Perda perpétua do direito ao homeschooling em caso de reprovação é ponto mais criticado
O texto-base do projeto, que foi aprovado sem emendas, teve a relatoria da deputada Luisa Canziani (PSD-PR) e foi fruto de negociação da comunidade homeschooler com membros do Congresso ao longo dos últimos anos. Ele altera a Lei de Diretrizes e Bases da Educação (LDB), permitindo a educação domiciliar “por livre escolha e sob a responsabilidade dos pais ou responsáveis legais pelos estudantes”.
Para os adeptos da educação domiciliar, será obrigatório matricular os estudantes em uma instituição de ensino particular ou pública, que avaliará anualmente os alunos. Para cada ano, os pais ou responsáveis deverão cumprir os requisitos curriculares previstos na Base Nacional Comum Curricular (BNCC). Eles também precisarão enviar à instituição de ensino um relatório trimestral das atividades realizadas com seus filhos. O texto também pede “garantia, pelos pais ou responsáveis legais, da convivência familiar e comunitária do estudante”, sem especificar como isso deve ser feito.

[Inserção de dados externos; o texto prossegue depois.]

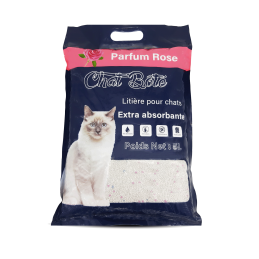 LITIERE ABSORBANTE - ROSE - CHAT BOTE - 5 L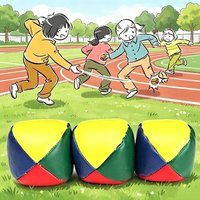 3/6Pcs PVC Juggling Balls Leather Sandbag Filled Circus Ball Set Outdoor Sports Hand Throw Toys for Kids Adults Gifts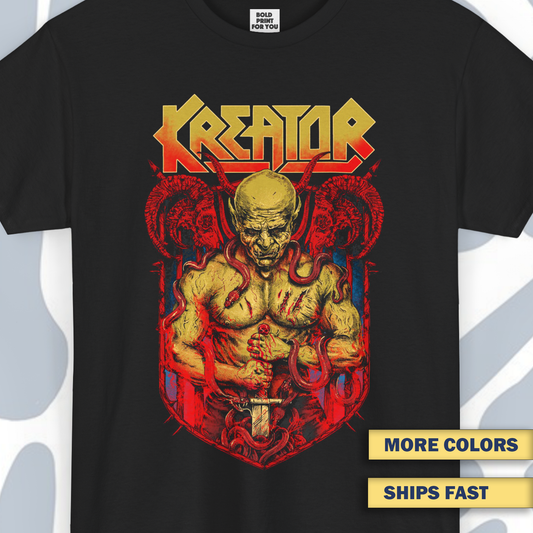 Kreator 1 T-Shirt, Metal Unisex tee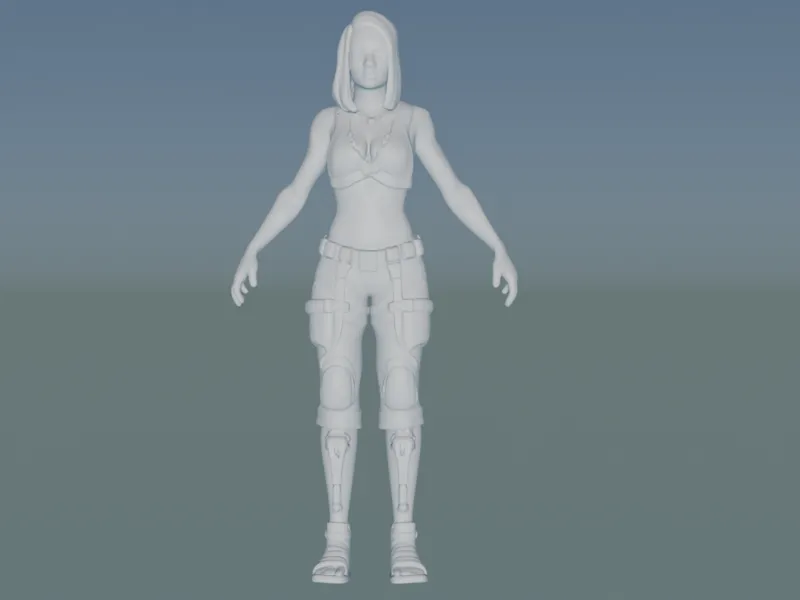 3D girl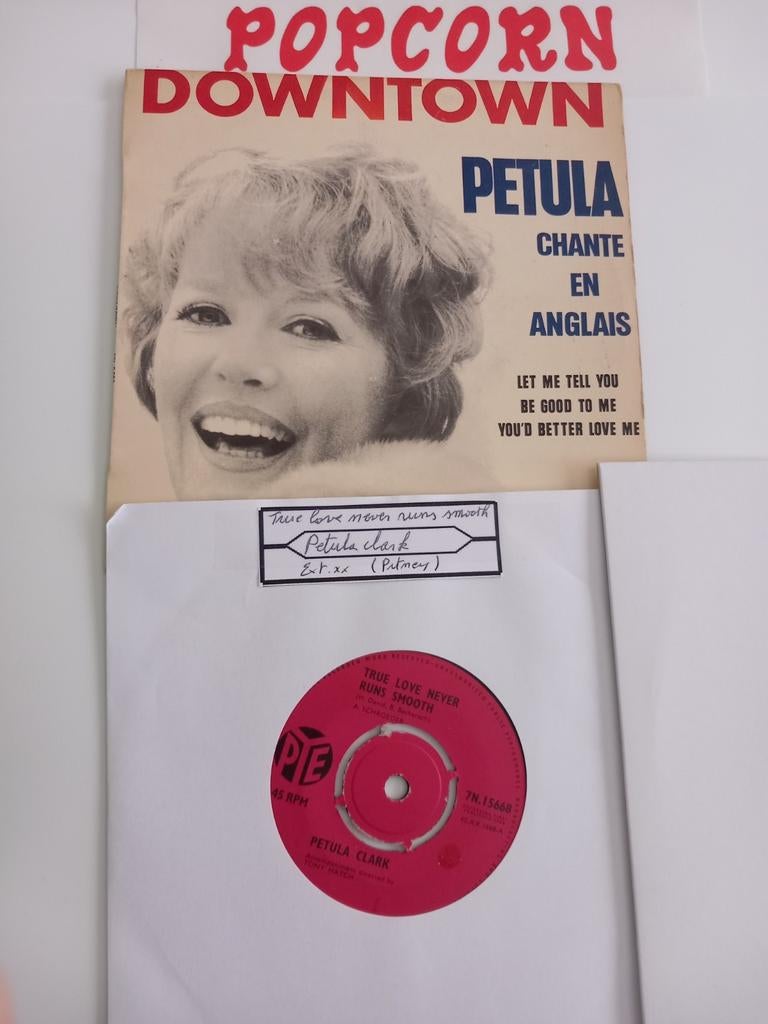 PETULA CLARK. POPCORN OLDIES 60s . 2 X 45T, EP, Enlèvement ou Envoi, EP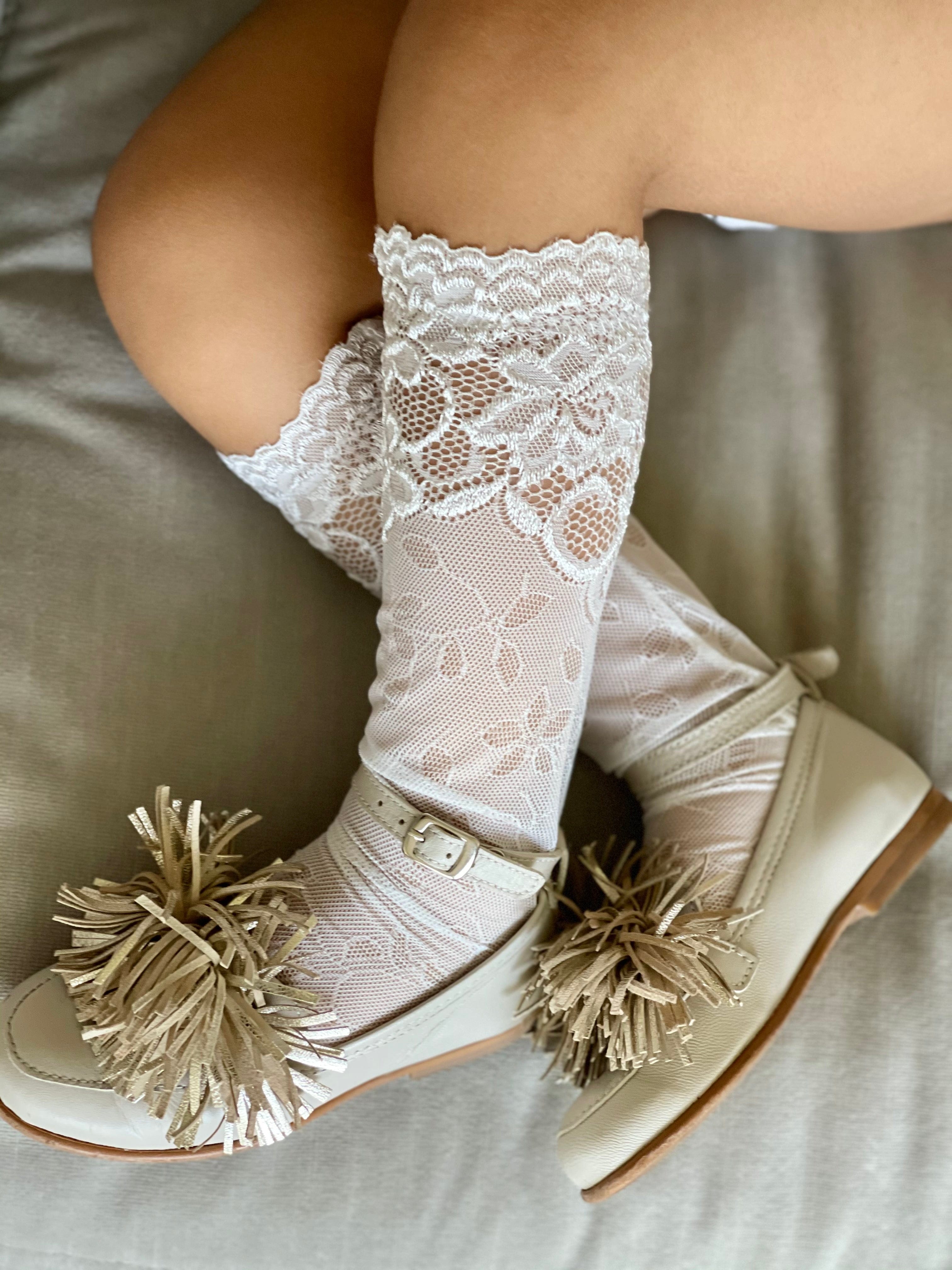 Flora Lace Socks - Petite Maison Kids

Caso um educando reprove duas vezes seguidas na avaliação feita pela instituição de ensino em que ele estiver matriculado, seus pais perderão de maneira perpétua o direito ao exercício da educação domiciliar. Esse é o ponto da lei mais criticado pelas associações de homeschooling. Uma emenda que tentou derrubar esse item não foi acatada pelo Congresso.
“A própria Constituição veda a possibilidade de uma pena perpétua. Nem para os crimes gravíssimos há pena perpétua. Por que em um caso como esse a família vai perder totalmente o direito? No meu caso, eu tenho quatro filhos em idade escolar. Se um deles reprovar, todos vão ter que voltar para a escola? É uma parte do projeto que não está muito clara. Precisa ser melhor esclarecida para as famílias”, diz Diego Vieira, presidente da Associação de Famílias Educadoras de Santa Catarina (Afesc).

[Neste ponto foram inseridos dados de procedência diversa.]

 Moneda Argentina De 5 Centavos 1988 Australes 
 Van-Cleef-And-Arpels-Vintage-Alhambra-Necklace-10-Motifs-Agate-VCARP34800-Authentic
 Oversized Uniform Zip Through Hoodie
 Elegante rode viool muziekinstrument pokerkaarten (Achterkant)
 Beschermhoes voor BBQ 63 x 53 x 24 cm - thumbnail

Para Rick Dias, a perda do direito “é absurda e contraditória com o próprio projeto”, já que o texto prevê isonomia entre estudantes domiciliares e escolares. “Os estudantes escolares são aprovados sem saber nada, eles simplesmente passam de um ano para o outro sem saber nada, porque não podem ser reprovados. Na época em que o estudante repetia o ano, quando ele repetia, ele não era punido, e o professor não era punido, os pais não eram punidos, e ele não perdia o direito de ir à escola. Eu nunca vi alguém perder o direito de ir à escola porque perdeu o ano. Agora, com o estudante de educação domiciliar, se não passar numa prova por duas vezes, os pais perdem o direito. Não faz sentido. Isso a gente pode judicializar. Se acontecesse comigo, eu colocaria na Justiça, porque a lei prevê isonomia entre estudantes domiciliares e escolares”, afirma.
Rafael Vidal concorda que a previsão de perda do direito à educação domiciliar é injusta. Por outro lado, vê pontos positivos na exigência de se matricular em instituições de ensino. “Vejo uma abertura para um novo mercado. A obrigação de matricular os alunos numa instituição de ensino pode ser uma oportunidade. Podem surgir – e já existem – escolas parceiras. E isso até ajuda famílias, principalmente as mais inseguras, que estão iniciando a educação domiciliar e terão o apoio de uma instituição de ensino”, comenta.
Outra exigência do projeto aprovado é que os pais ou os responsáveis pelo estudante tenham curso superior. Nos dois primeiros anos depois que a lei entrar em vigor, haverá um período de transição, em que os responsáveis que ainda não cumprirem esse requisito terão a chance de aderir ao homeschooling com a condição de se matricularem num curso de nível superior.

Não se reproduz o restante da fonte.